Since 2012 Seed Matters has provided assistance for community seed solutions, including seed libraries. Seed libraries facilitate the sharing of locally saved seeds among community members, something gardeners have been doing for thousands of years.
Unfortunately state regulators are shutting down small seed libraries across the US.
The seed laws states are using to do this were created to protect farmers from unscrupulous seed dealers who might otherwise sell seed that was not as labelled. But unfortunately, state administrators are applying these laws without applying reason, treating voluntary seed exchanges as if they were commercial businesses. They claim seed sharing could be a threat to our food system. The real threat is to restrict seed sharing, as seed security is the foundation of food security.

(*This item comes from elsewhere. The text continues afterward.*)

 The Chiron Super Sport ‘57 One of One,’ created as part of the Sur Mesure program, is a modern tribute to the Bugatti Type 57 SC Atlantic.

We are partnering with Sustainable Economies Law Center (SELC) to provide seed libraries with legal guidance, and to reach out to educate states. You can help – Sign the petition and share it with your friends and go to SELC to learn more. You can also read our more detailed analysis of the issue on our Seed Matters blog.
Please sign and share
To: Directors of all 50 U.S. State Departments of Agriculture
Over 300 nonprofit seed libraries in the U.S. might be regulated out of existence due to misapplication of seed laws by several state departments of agriculture.
I believe seed libraries are key to a more secure and resilient food system. Seed libraries provide free access to seeds, protect the diversity of our food sources, and educate community members about growing food and saving seed.
I support citizens’ freedom to share locally saved seed with their neighbors. Laws designed to regulate commercial sales of seed should not be applied to noncommercial donations of seed or to seed libraries.
Therefore, I ask that you (1) issue a public statement declaring that your state’s Department of Agriculture’s seed enforcement policy does not include seed libraries, and (2) begin implementing regulations formalizing this policy.